#### What this task involves
An exact copy of the lines of the listing below between the "TROUBLE MAKERS ( bl" line and the "Spray Root Touch" line, both included, is the whole answer; please omit the pictures.

#### Records to process

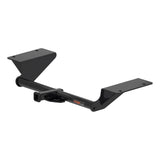 CLASS 1 HITCH 18-22 ACCORD (EXC HYBRID)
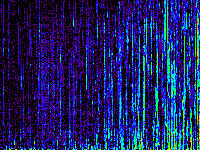 No data: 20-21 UT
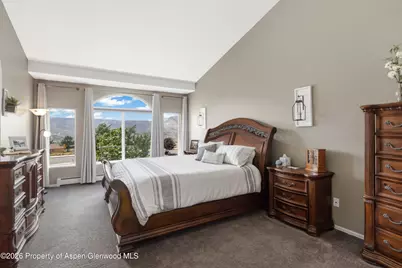 28 N Ridge Court, Parachute, CO 81635 - Photo 19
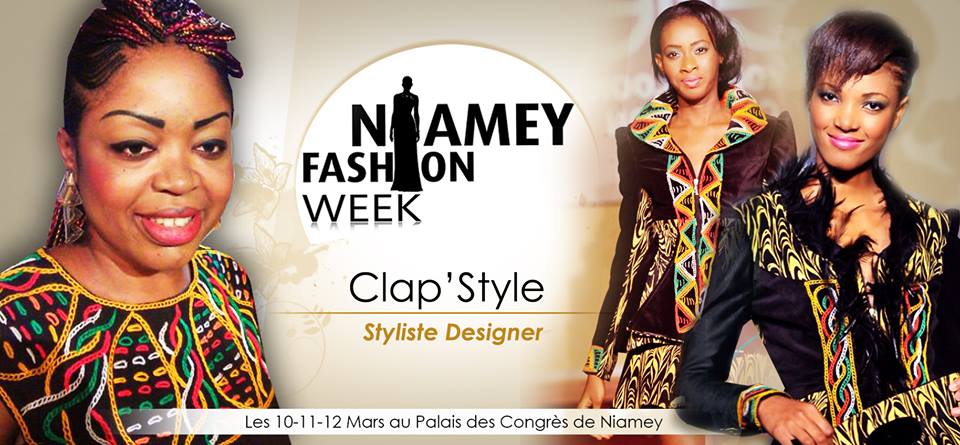 niamey fashion week  (5)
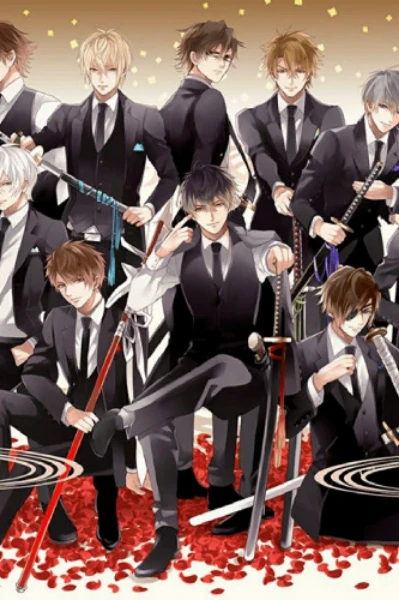 TROUBLE MAKERS ( bl love story between gangster & teacher 💞 )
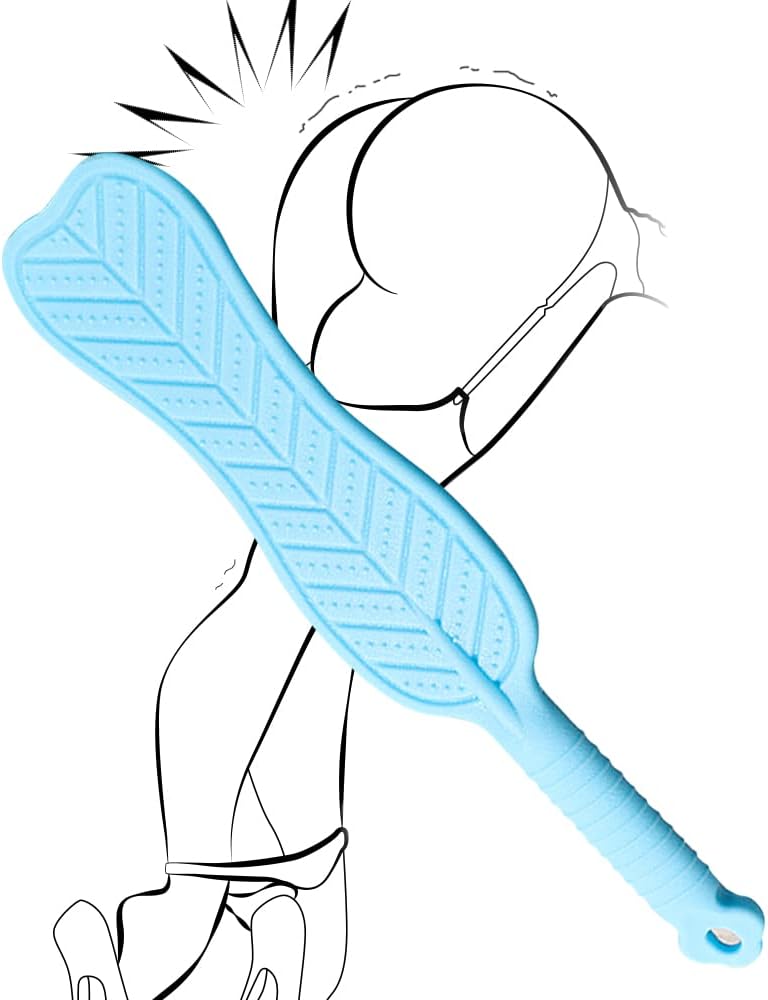 spanking paddle for sex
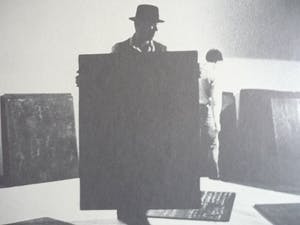 Joseph Beuys - Aufbau kopen? Bied vanaf 400!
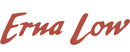 Ernalow brand logo for reviews of travel and holiday experiences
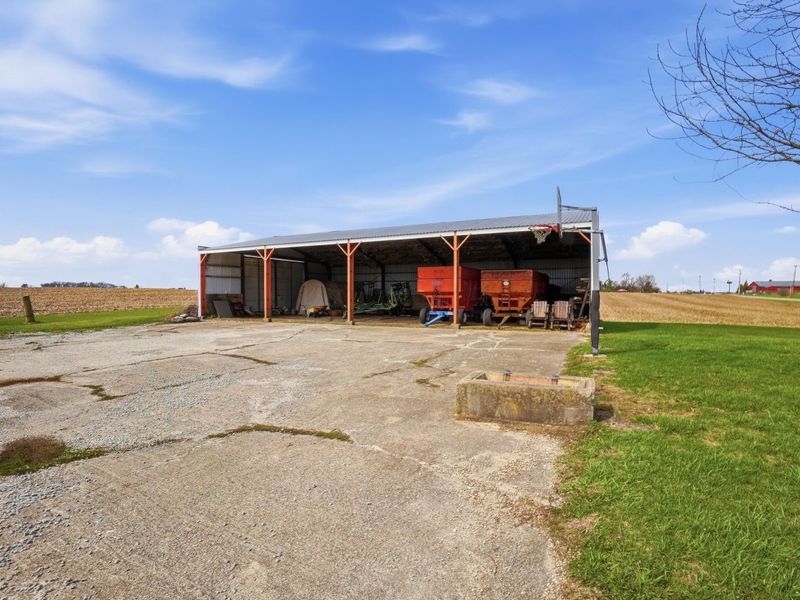 2275 US Highway 35 NW, Washington Court House, OH 43160 Photo 47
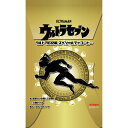 【ふるさと納税】コーヒー ウルトラセブン ウルトラ6兄弟 スペシャルティコーヒー ドリップバッグ 3種セット(3箱) 珈琲 セット ドリップ 焙煎 ウルトラマン 限定 パッケージ 藤沢市 神奈川県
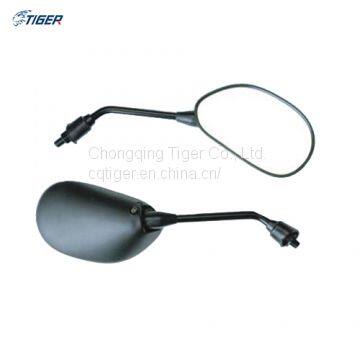 Motorcycle Side Mirror,chrome Plating,OEM Part Factory photo-2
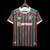 Fluminense l 23/24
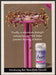 Ban Petal Bliss 2000s Print Advertisement 2002 Razor Bumblebees Fetch-the-Paper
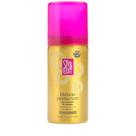 Spray Root Touch Up Style Edit Dark Blonde 22 22 ml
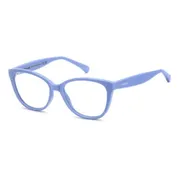 Polaroid PLD D847 Kids MVU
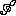 ト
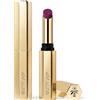 Guerlain KissKiss Rossetto intenso al Miele - 837 Deep Iris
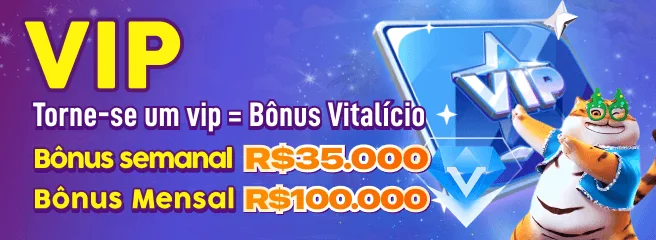 Download do aplicativo de login do ZevCasino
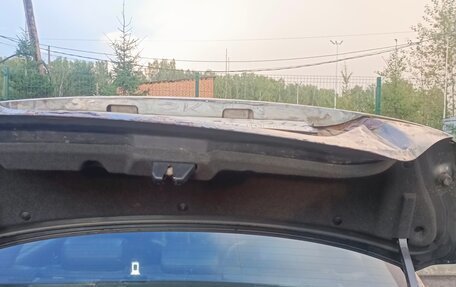 Geely Emgrand EC7, 2013 год, 200 000 рублей, 4 фотография
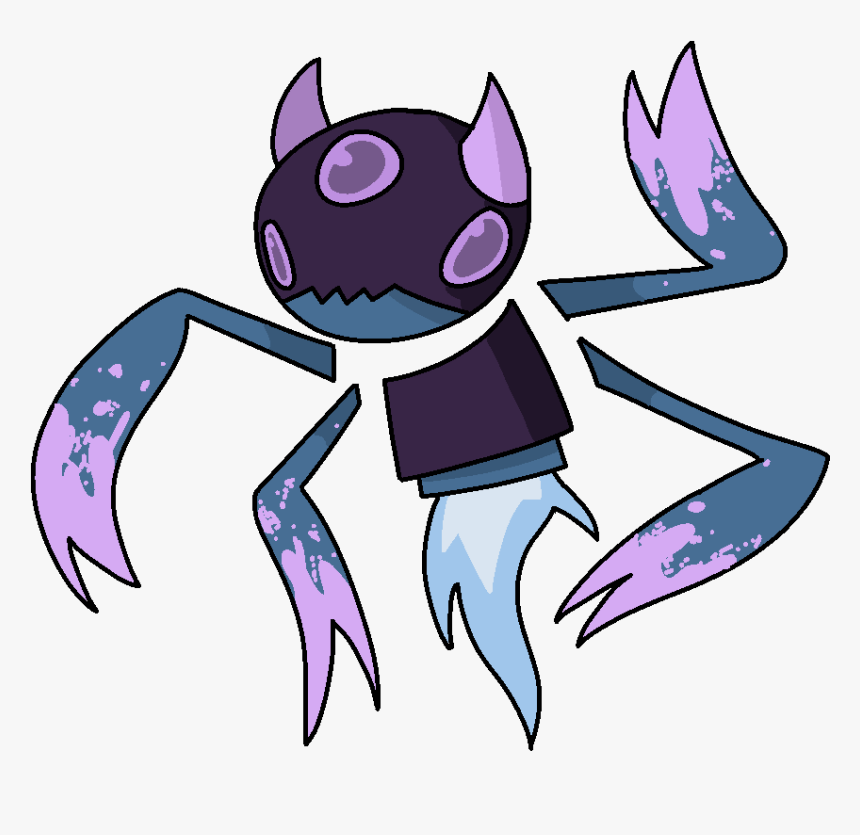 Transparent Plushtrap Png - Cartoon, Png Download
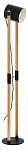 Торшер Eglo HORNWOOD 43521 250_100_522665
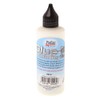 Pinflair Glue-It Bookbinding Glue, 82ml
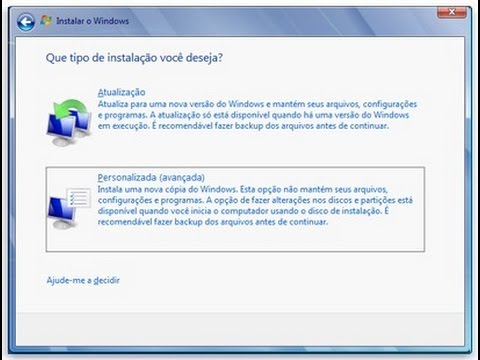 how to patch windows 7 ultimate 32 bit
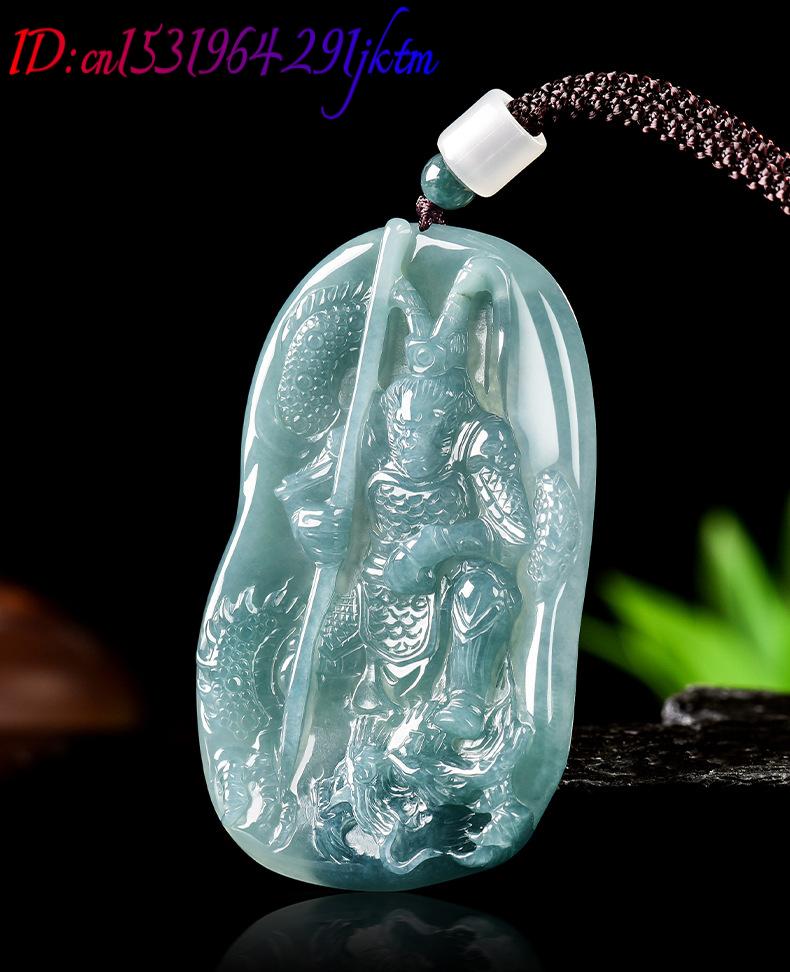 Kalung Liontin Raja Monyet Gio - Women Accessories To Gift ulasan dan harga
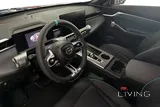GAC EMKOO GL 1.5L TURBO 2026 10,562 KM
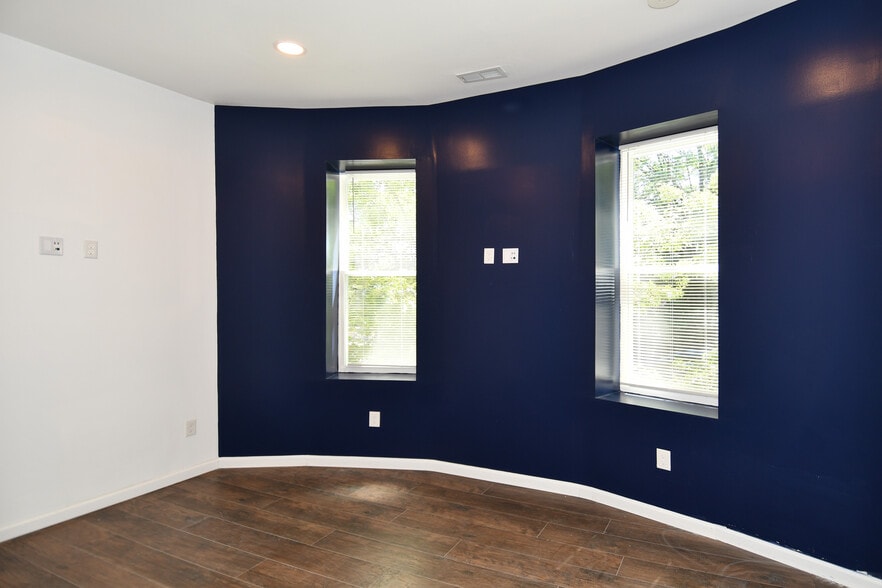 More Photos Of 2601 N Charles St, Baltimore Apartments For Sale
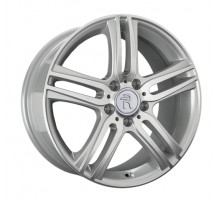 Под заказ - диск Replay MR133 R17 5x112 ET 47 CT 66.6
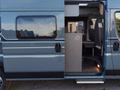 Thumbnail 15 - Knaus BoxLife 600 ME Platinum Selection MJ 26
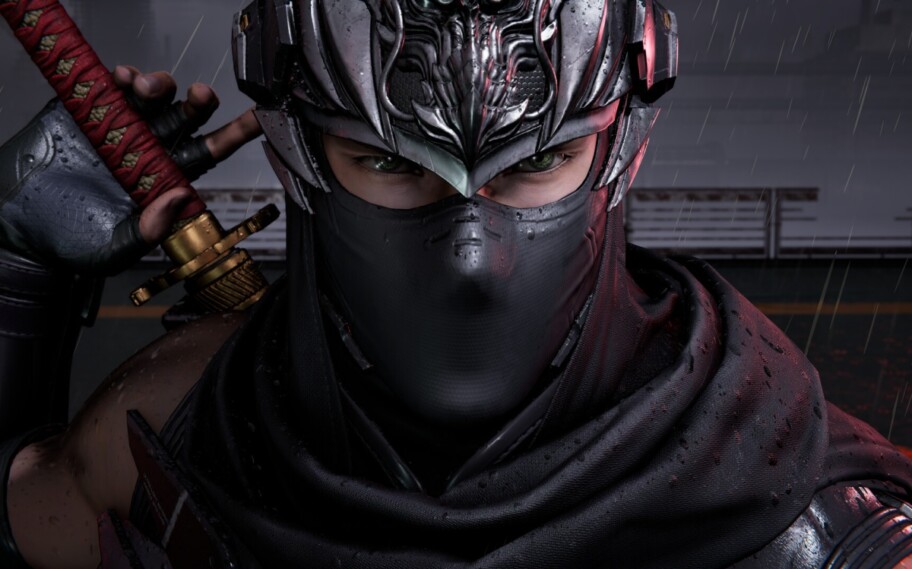 Ninja Gaiden 4 revela requisitos acessíveis no PC; confira os detalhes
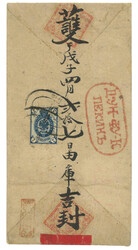 Swap image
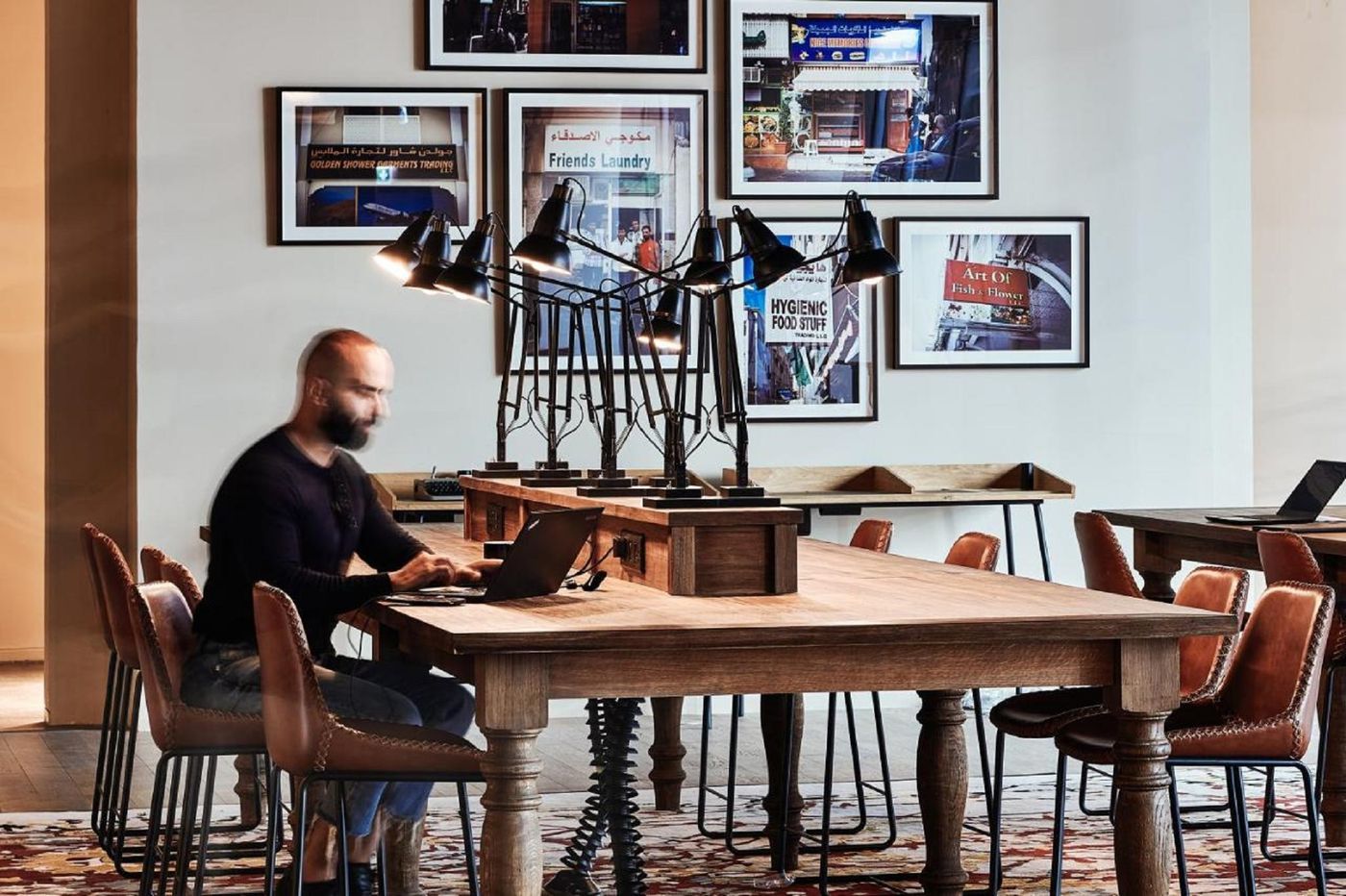 25hours-Hotel-Dubai-One-Central-Sports-and-Entertainment-55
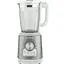 Блендер стаціонарний Gorenje B1400E - мініатюра 1
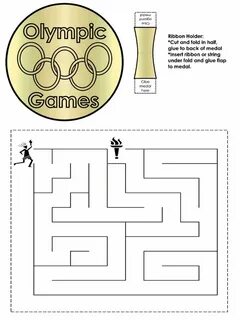 Game exercises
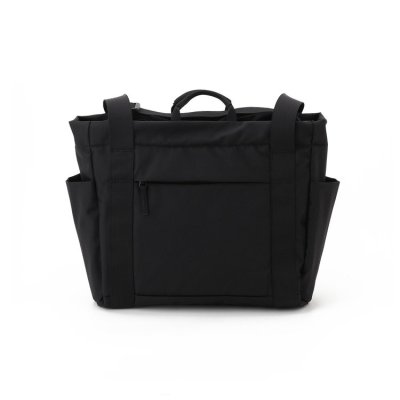 #0001 black
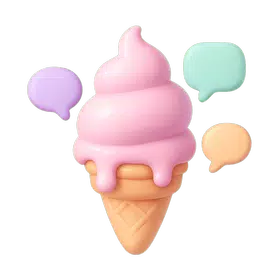 Melting: AI Romance Chat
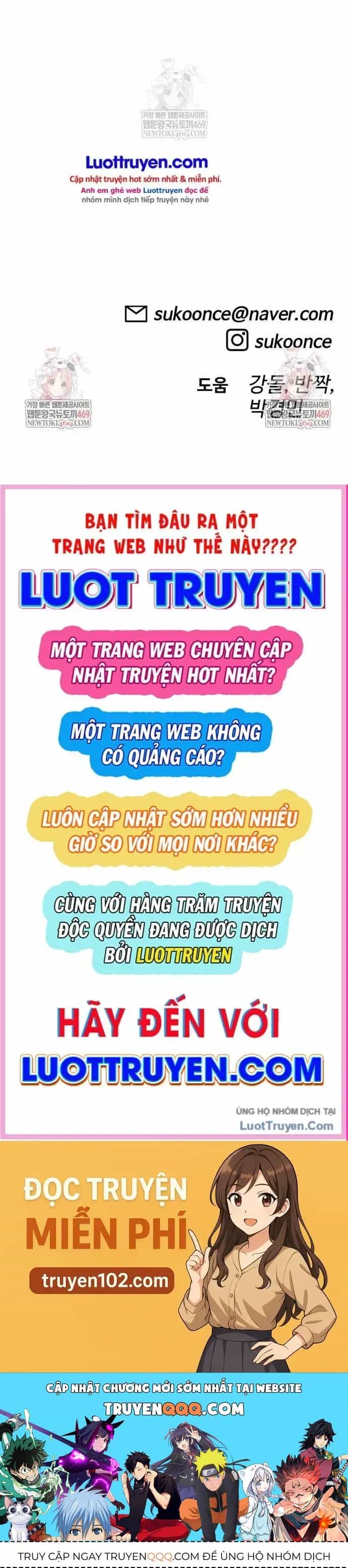 Ở Tuổi 40 - Chương 52 - ảnh 78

#### Completed task
 TROUBLE MAKERS ( bl love story between gangster & teacher 💞 )
 spanking paddle for sex
 Joseph Beuys - Aufbau kopen? Bied vanaf 400!
 Ernalow brand logo for reviews of travel and holiday experiences
 2275 US Highway 35 NW, Washington Court House, OH 43160 Photo 47
 【ふるさと納税】コーヒー ウルトラセブン ウルトラ6兄弟 スペシャルティコーヒー ドリップバッグ 3種セット(3箱) 珈琲 セット ドリップ 焙煎 ウルトラマン 限定 パッケージ 藤沢市 神奈川県
 Motorcycle Side Mirror,chrome Plating,OEM Part Factory photo-2
 Fluminense l 23/24
 Ban Petal Bliss 2000s Print Advertisement 2002 Razor Bumblebees Fetch-the-Paper
 Spray Root Touch Up Style Edit Dark Blonde 22 22 ml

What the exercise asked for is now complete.